This matters for two reasons. First, it solves the iron worry that puts a lot of parents off BLW entirely, because you are still able to offer iron-rich purees as a meaningful part of the diet. Second, it gives babies the autonomy and motor practice that BLW is really about. The MashMunch Spoons were designed exactly for this. The shallow bowl holds onto the puree while a small fist works out how to navigate it, and the soft tip is gentle on developing gums.
A loaded-spoon BLW approach gives you the best of both. Iron-rich purees on the menu. Baby still in charge of getting them in.

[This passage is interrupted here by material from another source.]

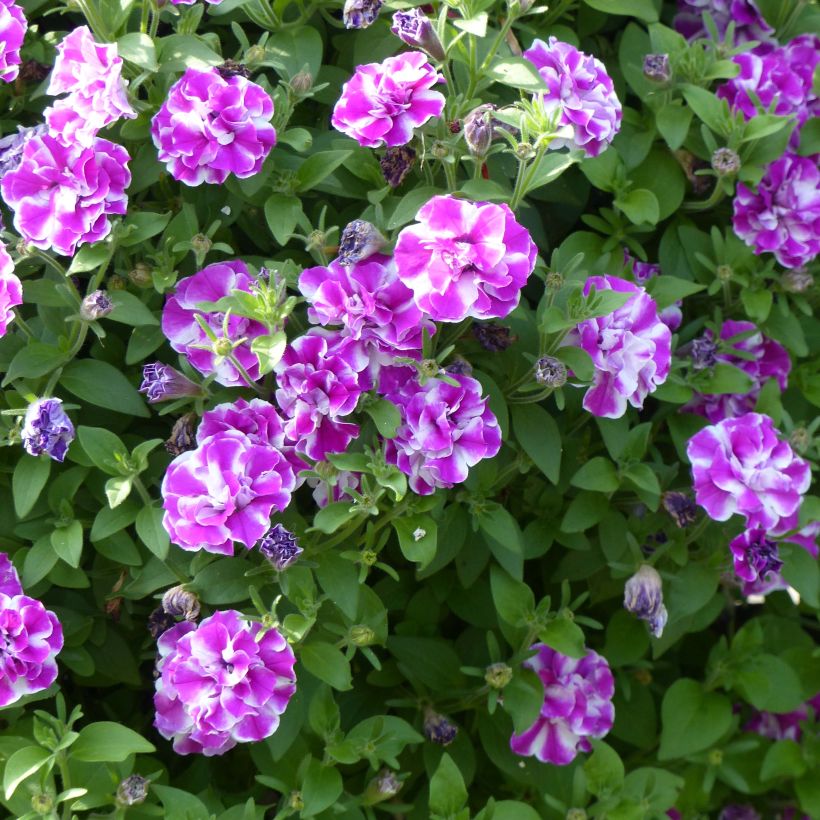 Pétunia Amarena Twist (Floraison)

Can we talk about choking? Because everyone is thinking about it
This is the thing that stops more parents trying BLW than anything else. The fear is completely understandable. Watching a baby gag on food is alarming every single time, even when you know it is coming.
So here is the distinction that changed everything for me: gagging and choking are not the same thing. Gagging is loud. It is your baby's gag reflex doing exactly what it is designed to do, which is moving food forward and out when it sits too far back. It sounds awful. It looks awful. It is actually normal and protective. Choking is different. Choking is silent. A choking baby cannot cough, cannot cry, and needs immediate help.
Gagging is loud and normal. Choking is silent and serious. Knowing the difference is one of the most useful things you can learn before starting solids.
The Sydney Children's Hospitals Network notes that choking is a risk with any method of introducing solids, not specific to BLW. What matters is developmental readiness, safe food preparation, and always supervising your baby while they eat. Foods should be soft enough to squish between your fingers, cut appropriately, and free from hard, round, or stringy elements that present genuine hazards regardless of method.
Before you start solids, in any form, it is worth doing a first aid course or refreshing your infant choking response knowledge. St John Ambulance Australia runs an online Caring for Kids course aimed at parents, grandparents and carers, and many local community centres run face-to-face versions for new parents too. It is one of those things you genuinely hope you never need, but it makes you feel an enormous amount calmer at the dinner table.
Baby led weaning vs purees: what we actually did
I started Luca on purees. He was six months, I was a first-time designer-turned-parent with a colour-coded weaning schedule and genuine opinions about iron-fortified rice cereal. He ate beautifully off a spoon and stared at finger foods like they were a personal affront. We introduced them slowly, around seven months, and he eventually became comfortable with them. He is six now and eats almost everything. The system worked.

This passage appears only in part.